Le petit studio de Kurapika était plutôt confortable et agréable. Il y régnait une douce chaleur, étrangement. Le parquet sombre donnait un contraste agréable avec les papiers peints clairs des murs. Dans un coin, un lit double, surmonté d'une couverture noire. Une petite télé, quelques plantes vertes, une table et quelques chaises, une kitchenette, et la plus petite salle de bain qu'il puisse exister, voilà en quoi consistait le studio de Kurapika.
Bien évidemment, tout était rangé à la perfection. Enfin, pour ce qu'il y avait à ranger...
Kurapika fit silencieusement rentrer Killua, qui se déchaussa. Il était plutôt mal à l'aise - mais également assez ravi. Il suivit son ami dans le petit studio, s'installa sur une chaise. Kurapika posa devant lui une assiette, des couverts, un verre. Soudain, Killua se sentit materné.
"Tu n'es pas obligé !"
"Non, c'est bon. De toute manière, je ne pouvais pas te laisser là."
Quelle charité dérangeante. Finalement, Killua ne dit plus rien et se cala contre le fond de la chaise, mettant ses mains dans les poches.
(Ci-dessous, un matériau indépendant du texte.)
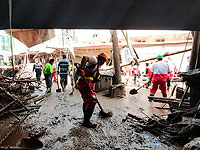 Последствия наводнений в Иране. Фоторепортаж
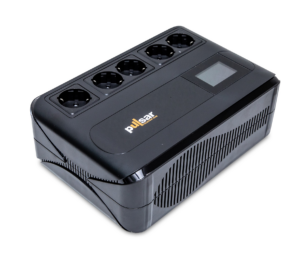 Pulsar PM-600-01-07-05 | 600VA Line-Interactive Desktop UPS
C'est en observant le dos du jeune Kuruta qu'il se dit que peut-être, son coeur n'était pas si sombre, et que malgré ce désir de vouloir le revoir, il s'était dit qu'il valait mieux s'arrêter là. Et pourtant. C'était si dur à admettre. Peut-être que Kurapika était la seule personne qui pouvait voir les faiblesses de Killua, ou du moins, qui avait le droit. C'était la seule personne à avoir le droit de les pointer du doigt, car il ne le faisait pas par plaisir, mais pour l'aider.
Ah, oui. Peut-être que Kurapika avait besoin d'aide, lui aussi. De désordre. De quelqu'un dans sa vie.
Parce qu'il savait plus que quiconque, que Kurapika était un éternel voyageur. Qu'il fuyait quelque chose, tout en recherchant quelque chose d'autre. Un peu comme Killua.
Dans ses poches, comme symbole d'un moment partagé ensemble, une dernière Choco Ball. Une idée saugrenue surgit dans l'esprit de Killua, et soudain, il se rappela pourquoi il était à York Shin. Il ouvrit le papier, le froissa en prenant la sucrerie qu'il mit dans sa bouche, se leva. Kurapika se retourna.
"Je me souviens pourquoi j'étais là, maintenant."
Sans attendre, Killua posa ses lèvres sur celles de Kurapika, forçant le passage, glissant sa langue brûlante et sucrée entre les lèvres froides au goût amer du Kuruta, qui, surpris, se laissa faire. La Choco Ball se glissa dans leur baiser, et passa entre les lèvres de Kurapika, ayant un goût trop sucré à cause de la salive de Killua.
Killua rompit le baiser, et laissa Kurapika se remettre de ses émotions. Il le regarda. Kurapika avait les yeux grand ouvert, ainsi que ses lèvres, sur lesquelles rougissait une petite morsure que Killua avait faite pour ouvrir le passage.
"Et si on restait ensemble, toi, moi, et mes Choco ball, pour toujours ?" Dit Killua en remuant la soupe qui commençait à bouillir.